= Jascha Silberstein =

Jascha Silberstein, born Hannes Bruno Willer, (21 April 1934 — 21 November 2008, Hot Springs, Arkansas) was a German-born American musician. He was for thirty years first cellist of the orchestra of the Metropolitan Opera in New York City.

==Early life and education==
Silberstein was born in Stettin, Germany (today Szczecin, Poland) under the name of Hannes Bruno Willer, and raised in Stettin and then Mannheim. To escape the 1943 bombing raids on Stettin, his family relocated to the maternal home in southern Germany, with his father, a physician, remaining in Stettin. Beginning studies on the piano aged 5, he made his first public appearance at 11, playing Bach's Concerto in D minor, then switched to the cello aged 12 after hearing Gregor Piatigorsky play. After playing for several years with a gypsy band in Wiesbaden and an orchestra in Munich, he studied cello with Rudolf Hindemith, Paul Hindemith's brother, and the legendary Czech violinist Váša Příhoda. He adopted the name Jascha Silberstein in honor of his mentor.

== Career ==
In 1962, leaving the Nuremberg Opera orchestra, he accepted a teaching position at Texas Western College in El Paso, and was also principal cellist in the El Paso Symphony Orchestra during the 1962-63 season. In the 1963-64 season, he played with the Pittsburgh Symphony Orchestra, and in October 1964, joined the Boston Symphony Orchestra. He was released from his contract with the Boston Symphony Orchestra in August 1966, to join the Metropolitan Opera Orchestra as principal cellist, a post he held for thirty years, until his retirement. In the late 1960s and the 1970s, he appeared often at Butler University's Festival of Neglected Romantic Music, playing works that had not been heard in decades, several of which he recorded. He also played at the Newport Music Festival.

== Discography ==
Silberstein recorded albums for London Records and the Musical Heritage Society. A number of his live performances have been issued in a series Jascha Silberstein: Live Performances (1-5).

- 1972 recordings released by London Records. Richard Bonynge conducting L'orchestre de la Suisse Romande.
- Romantic cello concertos (works by Auber, Massenet and Popper)
- Concerto no. 1 in A minor by D. F. E Auber. Orchestrated by Douglas Gamley.
- Concerto in E minor, op. 24 by David Popper.
- Fantasy for cello and orchestra by Jules Massenet.
- Ballet gala : Homage to Pavlova (works by Saint-Saëns, Tchaikovsky, Delibes and others)
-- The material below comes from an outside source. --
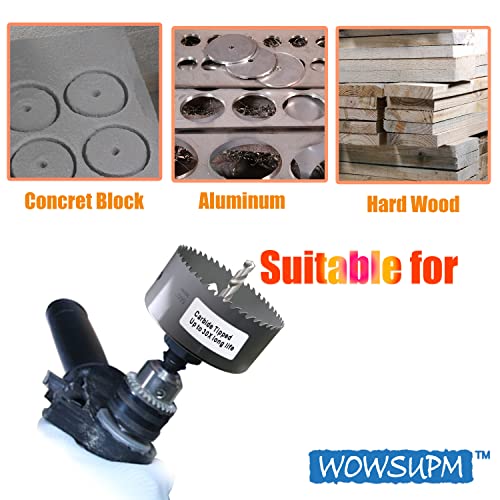 Wowsupm 5-1 /4 polegadas /133 mm Hole de carboneto SAW Corte profundo 2,36 ”Para materiais múltiplos, tábuas resistentes, mdf,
- 1975 recordings released by the Musical Heritage Society.
- The Virtuoso sound. With Linda Hall, piano.
- I remember : six poems for cello and piano, by Issachar Miron. With Tsipora Miron, piano.

== Personal life ==
Silberstein died on 21 November 2008 at home in Hot Springs, Arkansas. He was married with two daughters. His obituary was listed in the November 23, 2008 edition of the Arkansas Democrat-Gazette. It did not list a date or cause of death.